The above sketch was drawn shortly after visiting La Casa Azul in Coyoacan, Mexico. La Casa Azul is the cobalt-blue house turned museum and/or gallery where Frida Kahlo spent her childhood, a melodramatic chunk of her life with Diego, and eventually passed away within its familiar walls.

The house is like a living organism; a personification of the artist herself in all its colourful, macabre glory. The room where she died is preserved with eerily precious relics from trunks and photos to polished shoes and metal back braces. Seemingly untouched by the decades. It is as though you can see the sagging imprint of her figure on the mattress; like if you place your hand on the thick woven quilt you’ll feel the cooling heat of a body that’s momentarily crept off for a midnight drink.

I suppose it’s all staged for the curiously voyeuristic tourists that shuffle behind red velvet ropes to glimpse the ‘normalcy’ of this unusual woman. I felt like a stalker, haunting the rooms of someone I’ve read so much about (her personal diary included) and yet don’t actually know. The slow, deliberate steps of an intruder mixed with hushed reverence for her things; her life. My mind churned with thoughts of what Kahlo might think of the spectacle her most intimate refuge had become. Was this somehow an invasion of privacy; a betrayal?
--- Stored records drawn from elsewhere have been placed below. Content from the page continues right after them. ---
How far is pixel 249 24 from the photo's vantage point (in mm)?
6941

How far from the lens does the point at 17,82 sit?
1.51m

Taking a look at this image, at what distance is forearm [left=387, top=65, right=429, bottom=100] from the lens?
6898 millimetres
I imagine her nationalistic spirit would understand that this is part of the legacy she’s left to Mexico. She’s become a symbol in both her home country and abroad. She has slowly ascended to the iconographic heights of Ernesto ‘Che’ Guevera, Emiliano Zapata, or The Virgin of Guadalupe. The strength of her image can evoke everything from sexual liberation to socialism. She represents a powerful female icon who challenges social constructions of femininity, patriarchy, and resistance towards modernization.

Sadly, her anti-capitalist sentiments are in conflict with the commodification of her image in the tourist market. The fact is that her face can now be found on magnets, purses, necklaces, post-cards and t-shirts all across Mexico (and elsewhere I’m sure). I bought a change purse. Kahlo has been branded…and I got suckered right into it. I guess everyone wants their memento.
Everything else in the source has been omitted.